When they reached the clearing, they placed the Rainmaker in the center and the dignitaries of the village formed a small ring around him, with the rest of the crowd in a larger circle on the outside. There was an indecisive, embarrassed silence, until the Rainmaker himself spoke.
"I was your Rainmaker," he said. "I did my work as well as I could for many years. Now the demons are against me; nothing I do succeeds. Theref
ore I have offered myself for a sacrifice. That will placate the demons. My son Turu will be your new Rainmaker. Now kill me, and when I am dead do exactly as my son says. Farewell! And now who will be my executioner? I recommend the drummer Maro; he is surely the right man for the task."
He fell silent. No one stirred. Turu, flushed deeply under the heavy fur headdress, gave a tormented look around the circle. His father's mouth twisted mockingly. At last the tribal mother stamped her foot furiously, beckoned to Maro and shouted at him: "Go ahead! Take the axe and do it."
Maro, axe clutched in his hands, posted himself before his former teacher. He hated him more than ever; the lines of scorn around those silent old lips irked him bitterly. He raised the axe and swung it over his head. Taking aim, he held it aloft, staring into the victim's face, waiting for him to close his eyes. But Knecht did not; he kept his eyes wide open, fixed steadily on the man with the axe. They were almost expressionless, but what expression there was hovered between pity and scorn.

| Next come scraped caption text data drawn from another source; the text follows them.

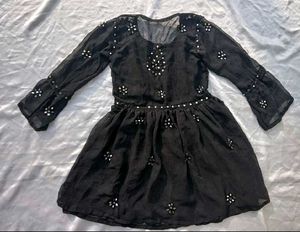 Black Kurta with Mirror Work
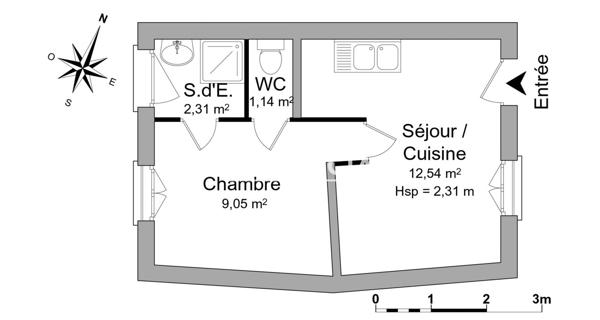 Location Studio 25.04 m² - Le Thillay 95500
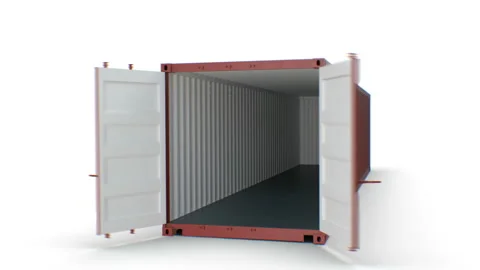 Container Falling, Fast Fall and Slow Motion of Opening Doors on White Stock Footage 113474065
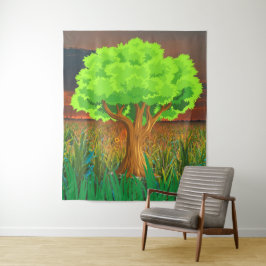 Tapiz Imagen de una obra de arte de árbol evergreen - Ár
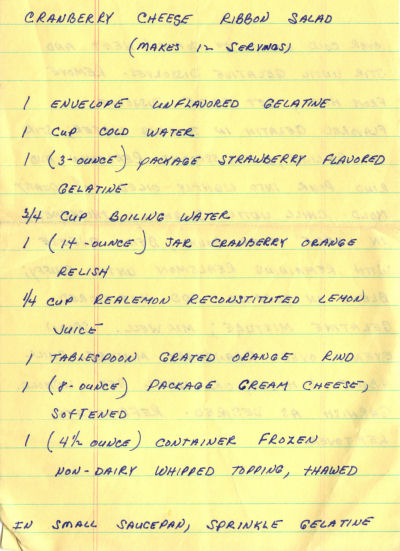 Handwritten Recipe For Cranberry Cheese Ribbon Salad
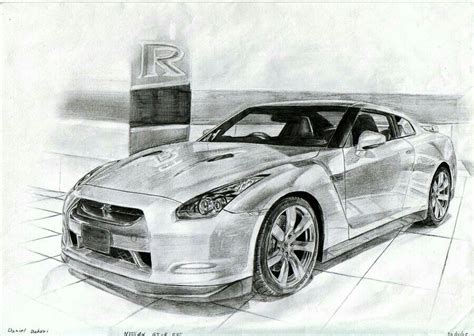 Nissan GT-R R35 - Daniel Dahari - Draw to Drive Realistic car drawing | nissan gtr r35 drawing.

In fury, Maro flung the axe away. "I won't do it," he murmured, and pressing through the circle of dignitaries he lost himself in the crowd. Several villagers laughed softly. The tribal mother had turned pale with rage, as much at Maro's uselessness and cowardice as at the arrogance of the Rainmaker. She beckoned to one of the oldest men, a quiet, dignified person who stood leaning on his axe and seemed to be ashamed of this whole unseemly scene. He stepped forward and gave the victim a brief, friendly nod. They had known each other since boyhood. And now the victim willingly closed his eyes; Knecht closed them tightly, and bowed his head a little. The old man struck with the axe. Knecht fell. Turu, the new Rainmaker, could not say a word. He gave the necessary orders with gestures alone. Soon the pyre was heaped up and the body laid on it. The solemn ritual of making fire with two consecrated sticks was Turu's first official act.